Tariq Malik, currently serving as Chairperson National Database and Registration Authority (NADRA) Pakistan for the second time, previously worked as Chief Technical Advisor United Nations Development Program (UNDP). Prior to joining UNDP, he also held the position of Senior Technical Consultant at World Bank.  He was a member of the core team who helped to initiate the worldwide ‘ID for Development’ (#ID4D) Program as well as authored the framework of international standards for digital identity.  Tariq is among the ten core members of technical experts group (TEG) of World Bank supporting client countries with ID planning and implementation. His name was included in the World's 100 Most Influential People in 'Digital Government' by a European think tank known as Apolitical  He was also named among Top 100 Digital Influencers in the 'Digital Community' by One World Identity (OWI)- a New York based independent identity research and strategy think tank focused on cyber security, digital commerce and risk management   Before joining World Bank  Malik helped governments to optimize use of Big Data and advanced data analytics from the platform of Teradata Inc. USA.

In his first term serving as Chairperson NADRA, he confirmed that the oppositions demand to verify that the 2013 elections were free and fair, is possible through thumb impression verification using the Biometric System.  He was then  terminated from his position without any reason by Nawaz Sharif government.

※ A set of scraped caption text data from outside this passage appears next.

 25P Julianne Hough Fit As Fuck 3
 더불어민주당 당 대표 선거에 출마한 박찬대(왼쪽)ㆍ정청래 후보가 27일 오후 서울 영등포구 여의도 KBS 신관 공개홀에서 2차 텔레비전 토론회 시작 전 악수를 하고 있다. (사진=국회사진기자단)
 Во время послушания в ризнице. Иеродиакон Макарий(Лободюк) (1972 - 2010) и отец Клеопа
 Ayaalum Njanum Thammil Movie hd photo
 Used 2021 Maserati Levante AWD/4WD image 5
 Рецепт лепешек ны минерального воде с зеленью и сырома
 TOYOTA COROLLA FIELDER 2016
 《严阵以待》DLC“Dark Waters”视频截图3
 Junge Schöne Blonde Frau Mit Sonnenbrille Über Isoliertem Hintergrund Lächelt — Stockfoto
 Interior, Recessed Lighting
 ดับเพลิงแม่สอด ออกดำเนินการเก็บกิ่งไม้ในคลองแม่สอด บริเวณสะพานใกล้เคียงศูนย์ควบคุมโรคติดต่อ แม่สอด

However, he was immediately restored as Chairperson NADRA by the Islamabad High Court.  In its judgement, the Superior court of Pakistan instead issued a charge sheet against the government for intimidating, harassing and frightening him.

Some writers and analysts called this blatant act of government as e-bullying.

He then resigned afterwards, alleging extreme pressure from the government and unknown party workers who threatened to kidnap him and his family.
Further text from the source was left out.